The Viking Way is a linear trail of 147 miles (234.2 km) starting on the banks of the River Humber at Barton-Upon-Humber in North Lincolnshire and finishing at Oakham, the county town of Rutland. Passing through the counties of Lincolnshire, Leicestershire, and Rutland this area was known as Danelaw by the Norse invaders who settled here in the 9th century. Many remains from this era have been found in and around the Viking Way and even now villages and towns along the way still bear the Vikings’ influence in their names; ending with ‘by’ means village and ‘thorp’ means hamlet.
The Viking Way is a long-distance hiking route that links other major hiking routes in Eastern England, such as the Yorkshire Wolds Way at its northern end and the Peddars Way at the southern end. Most of its route is also part of the E2 long-distance European path. The Lincolnshire Wolds which run more or less parallel with the North Sea coast, from the Humber Estuary in the north to the Lincolnshire Fens further south, is a designated Area of Outstanding Natural Beauty so the landscape here is some of Britain’s finest.

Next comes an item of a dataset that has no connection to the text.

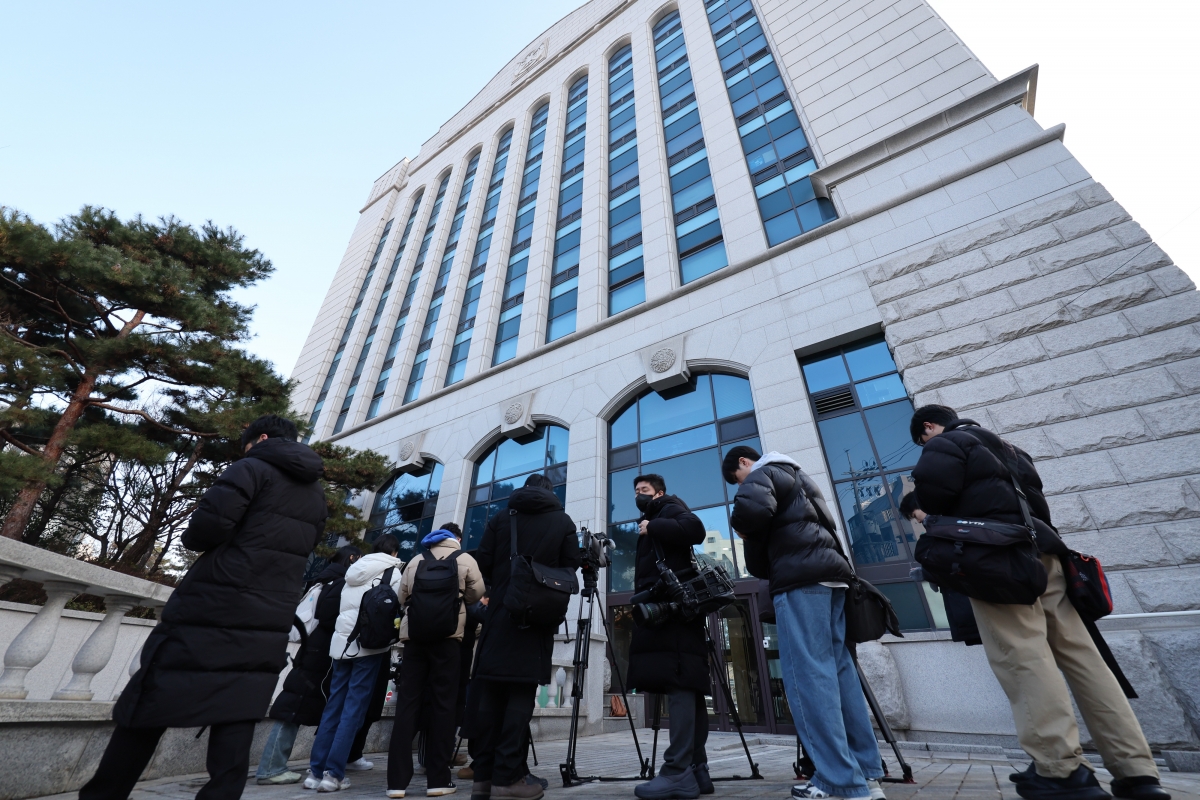 정치권의 통일교 금품 수수 의혹을 수사하는 경찰이 통일교 가평 천정궁 등 10곳에 대한 압수수색에 돌입한 15일 오전 서울 용산구 세계평화통일가정연합 본부에 취재진이 대기하고 있다. 2025.12.15. 뉴시스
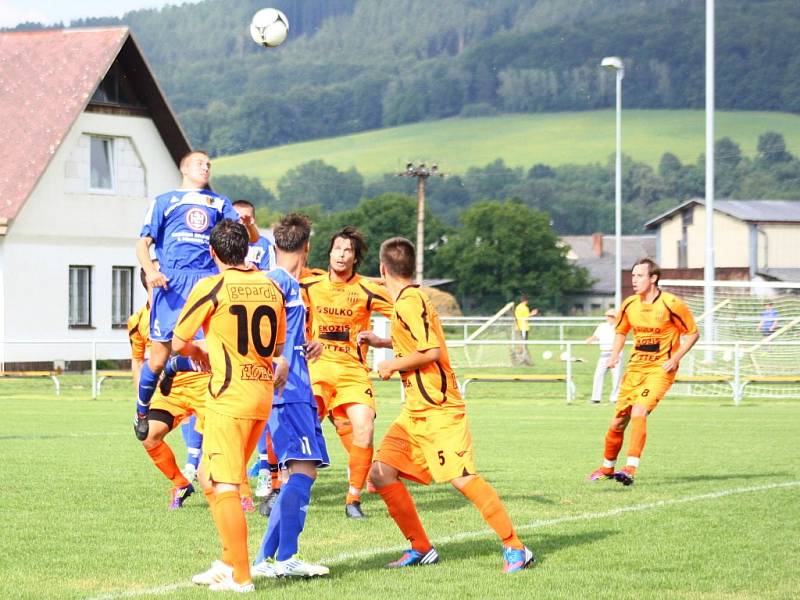 Zábřeh versus Prostějov (modré dresy).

The trail is classed as an easy hike, the terrain is mainly flat and even and is predominantly on quiet country lanes, wide tracks, and footpaths going around and through fields. It has a total elevation gain of 4954 ft and takes around 11 days to complete, although runners participating in the Viking Way Ultra run it in 48 hours or less.
Accommodation is easily found on the trail, it has a large number of campsites, bed and breakfasts, and hotels along its length, plus three hostels, so there is something for every budget and taste. Accommodation may need to be booked, however, in the summer months, when it can get rather busy.
The weather can be rather changeable in this part of the country, days with elements of all four seasons are not uncommon. The region has a temperate maritime climate and so experiences warm rather than hot summers and cool to cold winters. It can also be rather wet; paths becoming muddy and clumpy especially on the field sections. Summer is the best time to walk the trail, the weather is the warmest and driest and the days are long, although this is also the most popular time. The trail is open all year however and dogs are welcome on it.